In 1924, the Virginia General Assembly enacted the Racial Integrity Act. The act reinforced racial segregation by prohibiting interracial marriage and classifying as "white" a person "who has no trace whatsoever of any blood other than Caucasian." The act, an outgrowth of eugenist and scientific racist propaganda, was pushed by Walter Plecker, a white supremacist and eugenist who held the post of registrar of Virginia Bureau of Vital Statistics.

The Racial Integrity Act required that all birth certificates and marriage certificates in Virginia to include the person's race as either "white" or "colored." The Act classified all non-whites, including Native Americans, as "colored." The act was part of a series of "racial integrity laws" enacted in Virginia to reinforce racial hierarchies and prohibit the mixing of races; other statutes included the Public Assemblages Act of 1926 (which required the racial segregation of all public meeting areas) and a 1930 act that defined any person with even a trace of African ancestry as black (thus codifying the so-called "one-drop rule").

In 1967, both the Racial Integrity Act and the Virginia Sterilization Act of 1924 were officially overturned by the United States Supreme Court in their ruling Loving v. Virginia. In 2001, the Virginia General Assembly passed a resolution that condemned the Racial Integrity Act for its "use as a respectable, 'scientific' veneer to cover the activities of those who held blatantly racist views."

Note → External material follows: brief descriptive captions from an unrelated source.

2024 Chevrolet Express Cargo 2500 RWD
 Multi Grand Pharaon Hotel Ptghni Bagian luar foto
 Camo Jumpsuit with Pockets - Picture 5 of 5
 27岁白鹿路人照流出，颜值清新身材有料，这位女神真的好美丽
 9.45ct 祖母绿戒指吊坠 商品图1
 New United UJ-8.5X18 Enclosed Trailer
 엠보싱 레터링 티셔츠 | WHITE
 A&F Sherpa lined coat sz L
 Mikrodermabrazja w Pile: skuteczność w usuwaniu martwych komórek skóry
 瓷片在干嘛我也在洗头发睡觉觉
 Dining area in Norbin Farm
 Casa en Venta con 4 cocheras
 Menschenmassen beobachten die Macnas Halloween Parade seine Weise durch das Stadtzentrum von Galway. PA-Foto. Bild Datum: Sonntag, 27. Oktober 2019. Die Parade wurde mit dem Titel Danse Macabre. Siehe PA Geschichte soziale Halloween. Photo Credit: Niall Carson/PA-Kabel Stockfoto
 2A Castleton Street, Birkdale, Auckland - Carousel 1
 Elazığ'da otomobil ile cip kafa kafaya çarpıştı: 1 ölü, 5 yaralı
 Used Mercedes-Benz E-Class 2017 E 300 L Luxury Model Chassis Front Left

History leading to the laws' passage: 1859–1924 
In the 1920s, Virginia's registrar of statistics, Dr. Walter Ashby Plecker, was allied with the newly founded Anglo-Saxon Clubs of America in persuading the Virginia General Assembly to pass the Racial Integrity Law of 1924.  The club was founded in Virginia by John Powell of Richmond in the fall of 1922; within a year the club for white males had more than 400 members and 31 posts in the state.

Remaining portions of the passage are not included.